“And when you did grow up you both revolted?”

“No; only one of us—more’s the pity. I’m a worse rotter than your man Middleton. Of course I like Eugie—like her immensely; we grew up together. The trouble is she likes me; not wisely, but a lot too well. She has always taken the pinafore arrangement as a settled thing. I am afraid she still takes it that way.”

“Well, there isn’t any other ‘one and only’ in the case, is there?”

“Not so you could observe it. But that isn’t the question. I haven’t any conscience—not in your meaning of the word—but I have something that partly answers the same purpose. I don’t want to be cajoled into marrying a woman that I don’t love in a marrying way. It would be a sorry bargain for the woman.”

“I see. But this is all back-number stuff. Where does your jolt come in?”
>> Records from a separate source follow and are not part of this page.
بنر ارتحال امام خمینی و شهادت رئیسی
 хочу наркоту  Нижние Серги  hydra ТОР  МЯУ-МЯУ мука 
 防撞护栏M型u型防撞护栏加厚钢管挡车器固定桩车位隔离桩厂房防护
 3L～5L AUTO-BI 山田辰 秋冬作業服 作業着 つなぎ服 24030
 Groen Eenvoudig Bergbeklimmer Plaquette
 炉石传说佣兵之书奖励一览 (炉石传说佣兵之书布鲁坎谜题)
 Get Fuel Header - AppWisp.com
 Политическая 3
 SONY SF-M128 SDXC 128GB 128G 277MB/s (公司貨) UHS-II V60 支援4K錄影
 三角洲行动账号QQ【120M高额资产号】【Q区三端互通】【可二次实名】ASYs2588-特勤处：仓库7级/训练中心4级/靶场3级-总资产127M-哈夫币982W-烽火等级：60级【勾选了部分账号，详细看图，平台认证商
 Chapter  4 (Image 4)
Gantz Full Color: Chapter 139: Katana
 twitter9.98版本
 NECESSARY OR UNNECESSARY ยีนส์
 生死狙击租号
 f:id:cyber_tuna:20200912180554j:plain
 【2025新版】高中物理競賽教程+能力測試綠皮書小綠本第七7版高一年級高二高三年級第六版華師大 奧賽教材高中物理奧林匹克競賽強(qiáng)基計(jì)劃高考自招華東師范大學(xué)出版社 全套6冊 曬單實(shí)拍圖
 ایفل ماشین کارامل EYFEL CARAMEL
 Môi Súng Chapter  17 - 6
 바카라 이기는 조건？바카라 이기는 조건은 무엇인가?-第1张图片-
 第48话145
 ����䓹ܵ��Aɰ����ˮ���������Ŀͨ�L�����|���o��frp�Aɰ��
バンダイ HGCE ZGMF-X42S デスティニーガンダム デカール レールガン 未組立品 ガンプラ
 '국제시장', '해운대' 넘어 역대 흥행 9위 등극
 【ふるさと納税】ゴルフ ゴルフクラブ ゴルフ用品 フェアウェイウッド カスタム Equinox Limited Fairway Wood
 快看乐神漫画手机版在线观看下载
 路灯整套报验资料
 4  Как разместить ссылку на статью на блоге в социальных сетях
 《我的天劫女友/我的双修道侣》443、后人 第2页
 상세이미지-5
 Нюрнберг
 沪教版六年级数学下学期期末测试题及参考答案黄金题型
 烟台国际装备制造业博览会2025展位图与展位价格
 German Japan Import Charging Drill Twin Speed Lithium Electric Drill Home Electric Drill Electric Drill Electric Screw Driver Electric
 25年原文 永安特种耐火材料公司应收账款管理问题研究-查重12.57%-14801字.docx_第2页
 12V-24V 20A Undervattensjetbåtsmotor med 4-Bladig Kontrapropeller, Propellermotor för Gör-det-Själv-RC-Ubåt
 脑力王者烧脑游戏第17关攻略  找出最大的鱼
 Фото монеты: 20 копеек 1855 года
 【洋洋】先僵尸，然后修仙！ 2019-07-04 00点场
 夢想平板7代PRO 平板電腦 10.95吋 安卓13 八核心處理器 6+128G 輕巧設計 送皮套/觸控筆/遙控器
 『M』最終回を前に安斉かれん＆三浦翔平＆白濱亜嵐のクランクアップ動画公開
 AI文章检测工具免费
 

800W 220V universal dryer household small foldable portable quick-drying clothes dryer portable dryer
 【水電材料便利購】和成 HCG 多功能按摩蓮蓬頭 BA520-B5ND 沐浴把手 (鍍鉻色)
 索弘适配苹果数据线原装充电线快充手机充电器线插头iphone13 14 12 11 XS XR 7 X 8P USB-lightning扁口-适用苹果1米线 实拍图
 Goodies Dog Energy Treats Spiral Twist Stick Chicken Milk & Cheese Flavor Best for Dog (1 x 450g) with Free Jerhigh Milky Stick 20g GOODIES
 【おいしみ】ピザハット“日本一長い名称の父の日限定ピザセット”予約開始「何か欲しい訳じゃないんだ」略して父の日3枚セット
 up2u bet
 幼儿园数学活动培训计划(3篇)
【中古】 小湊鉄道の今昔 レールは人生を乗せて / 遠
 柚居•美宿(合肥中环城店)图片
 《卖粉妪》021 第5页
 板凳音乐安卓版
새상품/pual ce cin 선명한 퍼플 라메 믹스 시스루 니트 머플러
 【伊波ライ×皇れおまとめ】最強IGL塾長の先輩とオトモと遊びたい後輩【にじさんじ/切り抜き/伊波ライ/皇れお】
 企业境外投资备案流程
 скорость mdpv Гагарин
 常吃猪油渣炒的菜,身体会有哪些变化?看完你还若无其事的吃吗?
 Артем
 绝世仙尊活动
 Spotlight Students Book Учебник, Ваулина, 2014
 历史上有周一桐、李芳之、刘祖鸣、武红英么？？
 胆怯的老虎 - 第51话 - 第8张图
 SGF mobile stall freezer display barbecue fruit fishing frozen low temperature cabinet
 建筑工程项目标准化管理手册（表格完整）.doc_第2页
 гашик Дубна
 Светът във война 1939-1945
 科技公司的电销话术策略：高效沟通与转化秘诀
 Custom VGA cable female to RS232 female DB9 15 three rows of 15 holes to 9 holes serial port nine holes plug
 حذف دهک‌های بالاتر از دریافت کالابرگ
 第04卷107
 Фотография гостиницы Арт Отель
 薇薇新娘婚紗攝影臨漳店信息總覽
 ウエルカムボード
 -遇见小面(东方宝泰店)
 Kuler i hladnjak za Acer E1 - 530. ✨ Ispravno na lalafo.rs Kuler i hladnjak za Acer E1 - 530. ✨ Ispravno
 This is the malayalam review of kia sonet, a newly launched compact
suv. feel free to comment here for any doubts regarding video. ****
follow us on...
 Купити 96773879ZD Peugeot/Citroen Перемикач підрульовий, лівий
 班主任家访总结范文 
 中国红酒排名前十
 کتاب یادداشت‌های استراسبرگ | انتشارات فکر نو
“At the front door, and as large as life. The younger sister’s health isn’t good; weak lungs. Thurlow—he’s the chap I met at Mrs. Demming’s—tells me that the whole Follansbee clan is about to come to Colorado to try the effect of the altitudes on Lucy Ann. Philip, old boy, I’m a ruined community!”

Philip smiled again, less grimly, this time. The play-boy was presenting another facet of his many-sided character, an entirely new and different one.

“Afraid the charming Eugenia will marry you out of hand?” he jested.

“You’ve hit the nail squarely on the head! If she could find me as you found me last spring—a shameless down-and-out—there might be some hope for me. But now ... it’s a fearful price to have to pay for bracing up, Philip!”

“What are you going to do about it—dodge?”